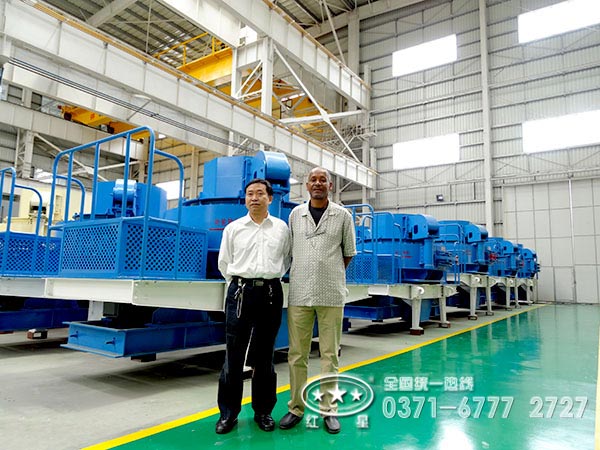 制砂機(jī)價(jià)格咨詢電話 制砂機(jī)價(jià)格咨詢電話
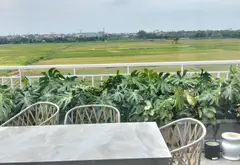 Biệt thự Việt Hưng đẳng cấp cùng tiện ích vượt trội tại khu đô thị ven công viên... Bán biệt thự, liền kề tại Phúc Lợi, Hà Nội 02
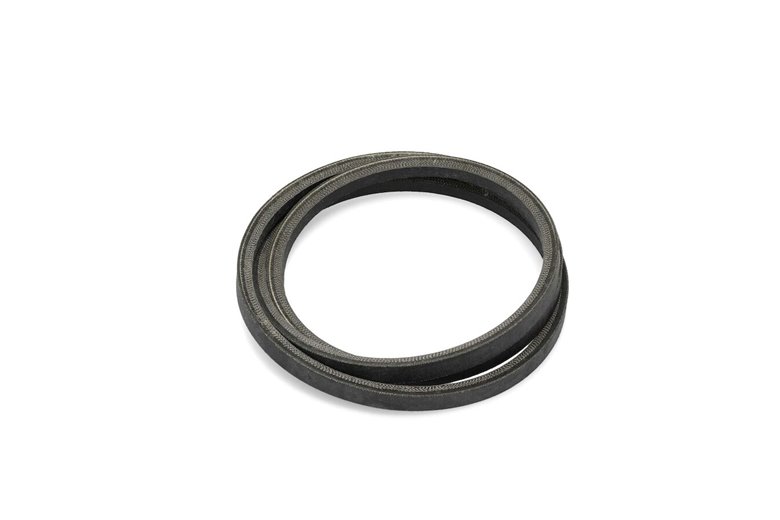 V-Belt - Originale Toro - 108503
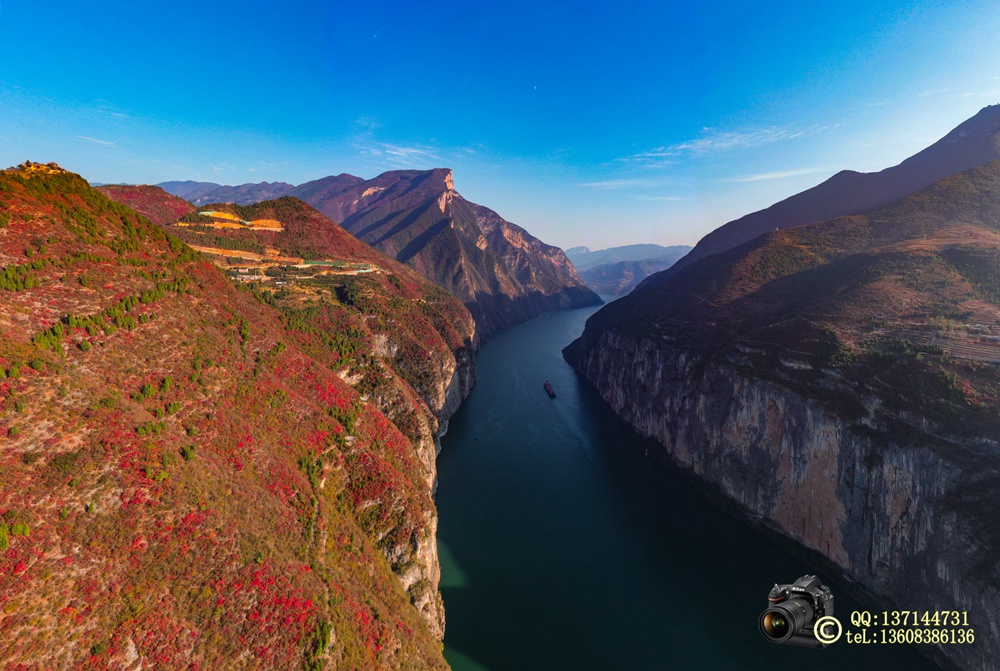 DJI_0450aa.jpg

Try it — Without any pictures, return the material above exactly.

Result of this exercise —
 制砂機(jī)價(jià)格咨詢電話 制砂機(jī)價(jià)格咨詢電話
 Biệt thự Việt Hưng đẳng cấp cùng tiện ích vượt trội tại khu đô thị ven công viên... Bán biệt thự, liền kề tại Phúc Lợi, Hà Nội 02
 V-Belt - Originale Toro - 108503
 DJI_0450aa.jpg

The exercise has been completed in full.